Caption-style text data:
══════════

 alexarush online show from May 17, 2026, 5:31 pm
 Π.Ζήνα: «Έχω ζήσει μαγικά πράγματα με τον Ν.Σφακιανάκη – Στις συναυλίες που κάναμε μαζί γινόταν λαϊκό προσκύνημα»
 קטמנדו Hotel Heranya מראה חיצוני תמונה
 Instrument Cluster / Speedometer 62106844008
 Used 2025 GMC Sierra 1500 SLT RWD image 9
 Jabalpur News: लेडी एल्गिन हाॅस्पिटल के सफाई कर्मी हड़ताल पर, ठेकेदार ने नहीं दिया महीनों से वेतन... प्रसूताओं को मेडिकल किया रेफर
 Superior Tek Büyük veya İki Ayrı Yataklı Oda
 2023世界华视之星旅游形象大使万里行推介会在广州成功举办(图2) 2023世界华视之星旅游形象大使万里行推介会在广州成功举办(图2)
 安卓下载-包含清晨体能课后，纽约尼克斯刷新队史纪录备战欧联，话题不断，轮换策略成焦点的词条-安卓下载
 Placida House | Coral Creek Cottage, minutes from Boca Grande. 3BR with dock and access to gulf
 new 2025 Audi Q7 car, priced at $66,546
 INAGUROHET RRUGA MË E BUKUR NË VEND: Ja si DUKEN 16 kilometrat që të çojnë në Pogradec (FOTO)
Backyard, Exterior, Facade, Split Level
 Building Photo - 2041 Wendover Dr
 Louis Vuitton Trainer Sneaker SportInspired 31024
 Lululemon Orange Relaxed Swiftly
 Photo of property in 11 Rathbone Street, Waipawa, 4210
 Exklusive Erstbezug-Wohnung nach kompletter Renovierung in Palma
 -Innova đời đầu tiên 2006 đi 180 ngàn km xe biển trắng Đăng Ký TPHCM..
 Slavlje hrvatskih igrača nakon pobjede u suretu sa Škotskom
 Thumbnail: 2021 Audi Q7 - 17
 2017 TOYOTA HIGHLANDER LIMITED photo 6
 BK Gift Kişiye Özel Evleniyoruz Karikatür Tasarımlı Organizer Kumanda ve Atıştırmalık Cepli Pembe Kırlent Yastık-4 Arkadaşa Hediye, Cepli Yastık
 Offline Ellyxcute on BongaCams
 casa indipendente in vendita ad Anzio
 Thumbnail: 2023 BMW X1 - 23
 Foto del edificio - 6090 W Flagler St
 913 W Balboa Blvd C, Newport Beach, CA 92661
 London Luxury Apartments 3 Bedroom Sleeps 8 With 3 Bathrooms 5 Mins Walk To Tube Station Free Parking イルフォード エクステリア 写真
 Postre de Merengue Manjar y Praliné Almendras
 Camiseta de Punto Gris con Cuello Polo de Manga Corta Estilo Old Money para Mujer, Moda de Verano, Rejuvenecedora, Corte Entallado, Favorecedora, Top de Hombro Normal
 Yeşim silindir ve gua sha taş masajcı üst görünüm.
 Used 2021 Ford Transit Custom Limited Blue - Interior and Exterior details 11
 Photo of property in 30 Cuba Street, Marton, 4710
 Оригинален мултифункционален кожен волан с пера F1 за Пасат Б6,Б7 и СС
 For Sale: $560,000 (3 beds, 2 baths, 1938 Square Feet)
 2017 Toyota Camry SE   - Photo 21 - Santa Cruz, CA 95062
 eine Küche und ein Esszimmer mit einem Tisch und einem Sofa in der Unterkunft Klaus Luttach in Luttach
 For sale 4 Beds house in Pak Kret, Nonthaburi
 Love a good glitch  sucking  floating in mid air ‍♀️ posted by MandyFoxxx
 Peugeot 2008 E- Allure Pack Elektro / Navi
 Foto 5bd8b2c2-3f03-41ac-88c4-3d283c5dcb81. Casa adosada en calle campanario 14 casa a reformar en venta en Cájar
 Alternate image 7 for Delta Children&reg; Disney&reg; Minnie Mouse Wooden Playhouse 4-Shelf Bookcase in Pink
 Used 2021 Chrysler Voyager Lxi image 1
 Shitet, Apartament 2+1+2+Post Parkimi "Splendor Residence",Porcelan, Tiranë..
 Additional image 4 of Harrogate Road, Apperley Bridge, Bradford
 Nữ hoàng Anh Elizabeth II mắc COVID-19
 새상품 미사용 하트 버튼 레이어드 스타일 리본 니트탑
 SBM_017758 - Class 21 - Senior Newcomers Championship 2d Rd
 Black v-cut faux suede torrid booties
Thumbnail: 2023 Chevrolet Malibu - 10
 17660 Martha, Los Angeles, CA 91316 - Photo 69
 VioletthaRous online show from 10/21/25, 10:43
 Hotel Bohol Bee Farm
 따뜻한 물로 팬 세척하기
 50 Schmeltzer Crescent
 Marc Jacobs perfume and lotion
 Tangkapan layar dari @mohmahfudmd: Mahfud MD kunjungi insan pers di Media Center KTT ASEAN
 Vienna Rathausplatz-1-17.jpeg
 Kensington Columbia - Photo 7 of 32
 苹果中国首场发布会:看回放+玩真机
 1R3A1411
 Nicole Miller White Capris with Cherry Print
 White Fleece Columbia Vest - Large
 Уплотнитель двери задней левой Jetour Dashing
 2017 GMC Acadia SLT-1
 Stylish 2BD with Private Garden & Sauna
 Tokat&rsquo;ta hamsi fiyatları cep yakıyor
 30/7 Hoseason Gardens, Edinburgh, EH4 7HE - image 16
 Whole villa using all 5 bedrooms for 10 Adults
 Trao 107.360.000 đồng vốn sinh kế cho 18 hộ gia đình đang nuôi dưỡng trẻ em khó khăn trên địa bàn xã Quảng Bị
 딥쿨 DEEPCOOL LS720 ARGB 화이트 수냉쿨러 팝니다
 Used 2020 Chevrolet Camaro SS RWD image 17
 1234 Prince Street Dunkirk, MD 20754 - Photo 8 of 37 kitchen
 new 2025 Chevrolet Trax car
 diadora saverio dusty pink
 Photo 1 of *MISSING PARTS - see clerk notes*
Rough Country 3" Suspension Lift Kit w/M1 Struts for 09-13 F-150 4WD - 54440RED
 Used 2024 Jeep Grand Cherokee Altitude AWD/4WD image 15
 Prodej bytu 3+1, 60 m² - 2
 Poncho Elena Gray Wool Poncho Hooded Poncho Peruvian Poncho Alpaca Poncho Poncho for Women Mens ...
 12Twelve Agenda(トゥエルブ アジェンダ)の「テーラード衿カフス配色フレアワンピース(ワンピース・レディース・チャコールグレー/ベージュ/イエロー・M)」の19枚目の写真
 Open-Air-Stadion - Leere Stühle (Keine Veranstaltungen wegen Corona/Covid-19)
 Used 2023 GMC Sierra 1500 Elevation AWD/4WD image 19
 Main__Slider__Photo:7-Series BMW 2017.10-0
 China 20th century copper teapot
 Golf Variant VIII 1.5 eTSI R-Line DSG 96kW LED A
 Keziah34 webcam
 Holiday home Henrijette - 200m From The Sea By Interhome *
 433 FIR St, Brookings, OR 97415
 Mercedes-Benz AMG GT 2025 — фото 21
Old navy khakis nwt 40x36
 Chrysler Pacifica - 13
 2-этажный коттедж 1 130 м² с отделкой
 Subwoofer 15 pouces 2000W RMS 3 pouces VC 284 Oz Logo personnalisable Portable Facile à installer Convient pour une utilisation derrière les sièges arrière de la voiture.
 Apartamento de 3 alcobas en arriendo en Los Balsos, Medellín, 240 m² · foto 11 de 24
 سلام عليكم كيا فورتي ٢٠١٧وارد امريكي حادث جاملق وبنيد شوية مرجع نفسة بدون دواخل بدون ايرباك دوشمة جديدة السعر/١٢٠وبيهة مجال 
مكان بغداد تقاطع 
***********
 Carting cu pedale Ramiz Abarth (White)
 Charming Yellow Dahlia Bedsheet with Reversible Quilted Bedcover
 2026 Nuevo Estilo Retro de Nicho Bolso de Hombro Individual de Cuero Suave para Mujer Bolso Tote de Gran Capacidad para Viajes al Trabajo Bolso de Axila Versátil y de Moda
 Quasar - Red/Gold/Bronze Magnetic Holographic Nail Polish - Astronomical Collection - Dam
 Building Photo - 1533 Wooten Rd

══════════

— Directions —
Copy out the entries above exactly as given, starting at the top and ending with the line containing "For Sale: $560,000"; include both and nothing more.

— Problem solution —
 alexarush online show from May 17, 2026, 5:31 pm
 Π.Ζήνα: «Έχω ζήσει μαγικά πράγματα με τον Ν.Σφακιανάκη – Στις συναυλίες που κάναμε μαζί γινόταν λαϊκό προσκύνημα»
 קטמנדו Hotel Heranya מראה חיצוני תמונה
 Instrument Cluster / Speedometer 62106844008
 Used 2025 GMC Sierra 1500 SLT RWD image 9
 Jabalpur News: लेडी एल्गिन हाॅस्पिटल के सफाई कर्मी हड़ताल पर, ठेकेदार ने नहीं दिया महीनों से वेतन... प्रसूताओं को मेडिकल किया रेफर
 Superior Tek Büyük veya İki Ayrı Yataklı Oda
 2023世界华视之星旅游形象大使万里行推介会在广州成功举办(图2) 2023世界华视之星旅游形象大使万里行推介会在广州成功举办(图2)
 安卓下载-包含清晨体能课后，纽约尼克斯刷新队史纪录备战欧联，话题不断，轮换策略成焦点的词条-安卓下载
 Placida House | Coral Creek Cottage, minutes from Boca Grande. 3BR with dock and access to gulf
 new 2025 Audi Q7 car, priced at $66,546
 INAGUROHET RRUGA MË E BUKUR NË VEND: Ja si DUKEN 16 kilometrat që të çojnë në Pogradec (FOTO)
Backyard, Exterior, Facade, Split Level
 Building Photo - 2041 Wendover Dr
 Louis Vuitton Trainer Sneaker SportInspired 31024
 Lululemon Orange Relaxed Swiftly
 Photo of property in 11 Rathbone Street, Waipawa, 4210
 Exklusive Erstbezug-Wohnung nach kompletter Renovierung in Palma
 -Innova đời đầu tiên 2006 đi 180 ngàn km xe biển trắng Đăng Ký TPHCM..
 Slavlje hrvatskih igrača nakon pobjede u suretu sa Škotskom
 Thumbnail: 2021 Audi Q7 - 17
 2017 TOYOTA HIGHLANDER LIMITED photo 6
 BK Gift Kişiye Özel Evleniyoruz Karikatür Tasarımlı Organizer Kumanda ve Atıştırmalık Cepli Pembe Kırlent Yastık-4 Arkadaşa Hediye, Cepli Yastık
 Offline Ellyxcute on BongaCams
 casa indipendente in vendita ad Anzio
 Thumbnail: 2023 BMW X1 - 23
 Foto del edificio - 6090 W Flagler St
 913 W Balboa Blvd C, Newport Beach, CA 92661
 London Luxury Apartments 3 Bedroom Sleeps 8 With 3 Bathrooms 5 Mins Walk To Tube Station Free Parking イルフォード エクステリア 写真
 Postre de Merengue Manjar y Praliné Almendras
 Camiseta de Punto Gris con Cuello Polo de Manga Corta Estilo Old Money para Mujer, Moda de Verano, Rejuvenecedora, Corte Entallado, Favorecedora, Top de Hombro Normal
 Yeşim silindir ve gua sha taş masajcı üst görünüm.
 Used 2021 Ford Transit Custom Limited Blue - Interior and Exterior details 11
 Photo of property in 30 Cuba Street, Marton, 4710
 Оригинален мултифункционален кожен волан с пера F1 за Пасат Б6,Б7 и СС
 For Sale: $560,000 (3 beds, 2 baths, 1938 Square Feet)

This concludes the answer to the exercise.